If you haven’t lot-tested rimfire ammo in your 22 LR rifle, then GIGO will certainly bite you — GIGO being the programming acronym for Garbage In, Garbage Out. Shooting 22 LR rimfire rifles accurately presents an unavoidable problem for small-game hunters: You can’t load your own ammo. So, to get the best groups out of your rabbit gun, you’ll have to lot-test rounds. The thing to understand about lot-testing rimfire ammo is that brand matters, and lot number matters.
If you want to shoot your 22 hunting rifle better, begin your own lot-testing by getting three to five boxes of ammo and shooting 10 well-aimed rounds of each into different targets. Compare the group sizes. Usually, you’ll see one good target, one bad target, and three in the middle. Keep just the good target and record the brand/lot and reserve the rest of that box.
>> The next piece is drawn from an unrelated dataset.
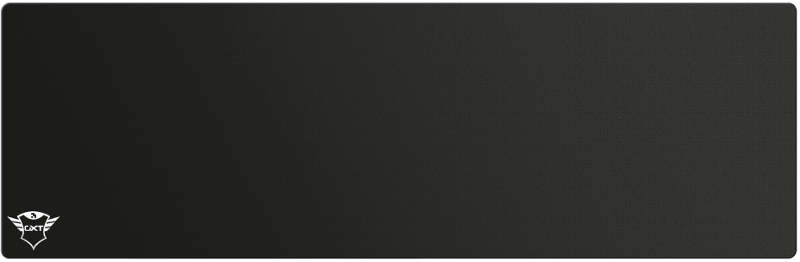 Mouse pad Trust GXT 758 XXL v2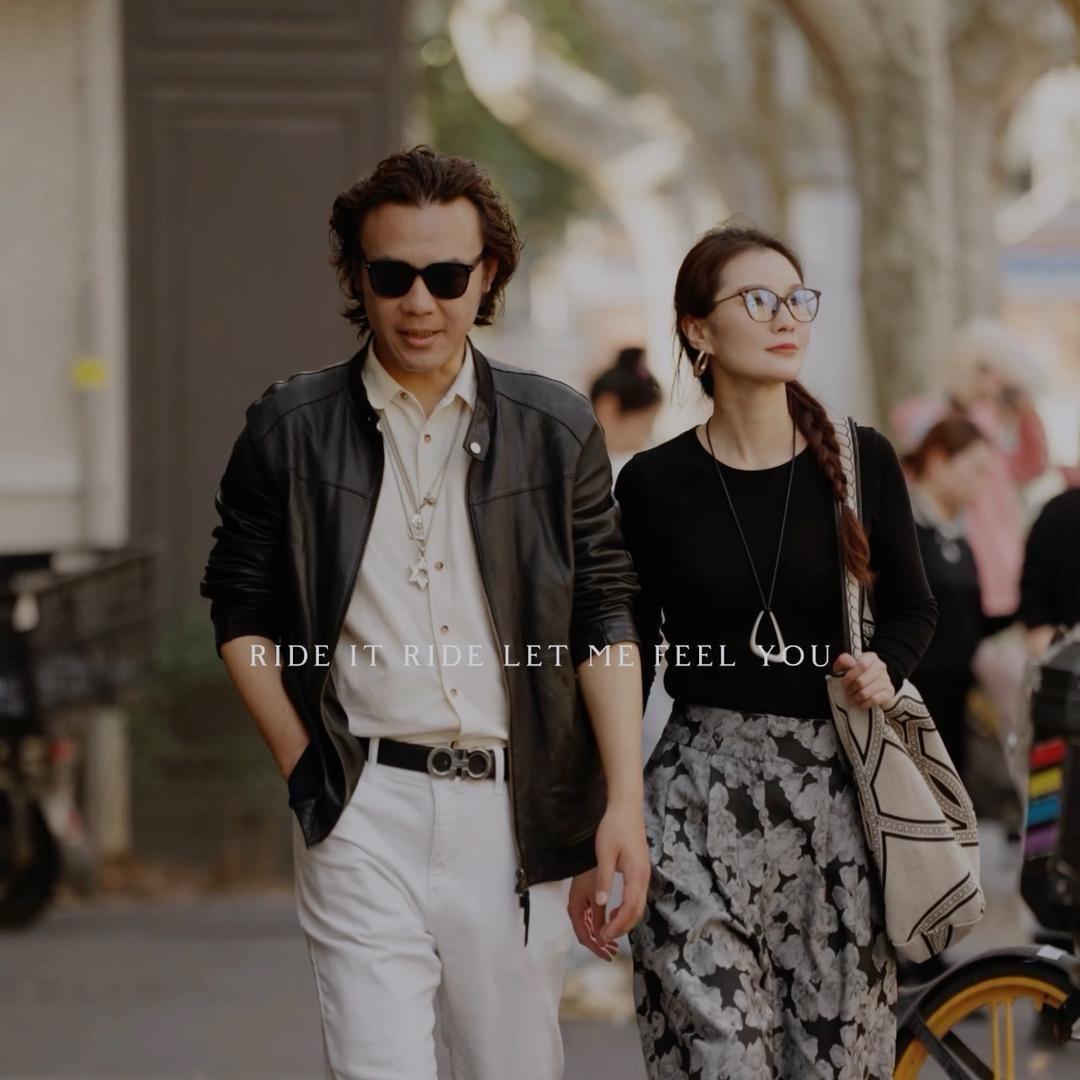 嘻嘻咖叻直播号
Use up the others in less-critical work. When you can afford it, repeat the process with five new boxes and again keep just the winner. After five trials, pit the winners in a shoot out. When you find out which brand shoots the best, go buy as much of it as you can afford. If you have several so close you can’t pick a winner, then you’re the winner. Go buy the cheapest. A “lot” is a specific run of ammo by the manufacturer, and many brands show wide variation between lots. The lot number is usually recorded on the inside flap of paper boxes or stamped on the shell of plastic boxes. The trick is to find brand/lots that shoot well in your gun. But is it worth the time and trouble for most shooters to do? To me, there’s nothing more frustrating that shooting a shot that doesn’t hit the intended mark, and me not knowing why. If a shot isn’t on call, then I go looking for answers.
But is there really a noticeable difference brand to brand? I recently shot several 22 LR ammo brands from CTD, spending more than $500 in the process (which these days is not that hard). To shoot the ammos, I used an inexpensive bolt-action 22 LR model, a Chinese-made NS 522 bolt action imported by KFS, Inc. that I bought for $300 several years ago. It measured 39.5 inches in length and weighed 7.75 pounds unloaded. The 21-inch blued barrel was hammer forged and free floated. I shot five record groups with each ammo lot on Speedwell Police Rifle Shot Log/Targets at 100 yards. I bench-fired all the guns off a Ransom Rest front benchrest and a rear bunny bag. To ensure a level playing field, I first cleaned the barrel, then fired fouling and sighting rounds as needed, usually about 15 rounds. Then I fired five-shot record groups per ammo lot. I used the same Bausch & Lomb 36X benchrest scope throughout. To measure the groups, I scanned the targets then used the ruler tool in PhotoShop to record group diameters to the thousandsth of an inch, and rounded to hundredths of an inch.
The Results What did I find after the smoke cleared? My test rifle shot inexpensive Eley Sport the best, recording 1.50-inch groups on average. However, it’s currently not in stock (CTD No. 7-EL22SP, $3.14). Fiocchi Exacta Super Match ranked next at 1.63 inch (No. 34169, $8.50), and then Federal Gold Medal Match Target at 1.76 inch (2-FEGM719, $3.70). RWS R50 shot 2.04-inch groups, but it cost a lot more (2-UX2134187, $17.80). Winchester T22 Target shot 2.04-inch groups (No. 6-0300930, $30.92), and CCI Green Tag shot 2.44-inch groups (No. 6-0315449, $14.26).
The Bottom Line Does that mean that R50, T22, and Green Tag are bad ammos? No. It means they didn’t shoot well in my 522. The point is, if you shoot enough brand/lots, you can find a reasonable match of price and performance.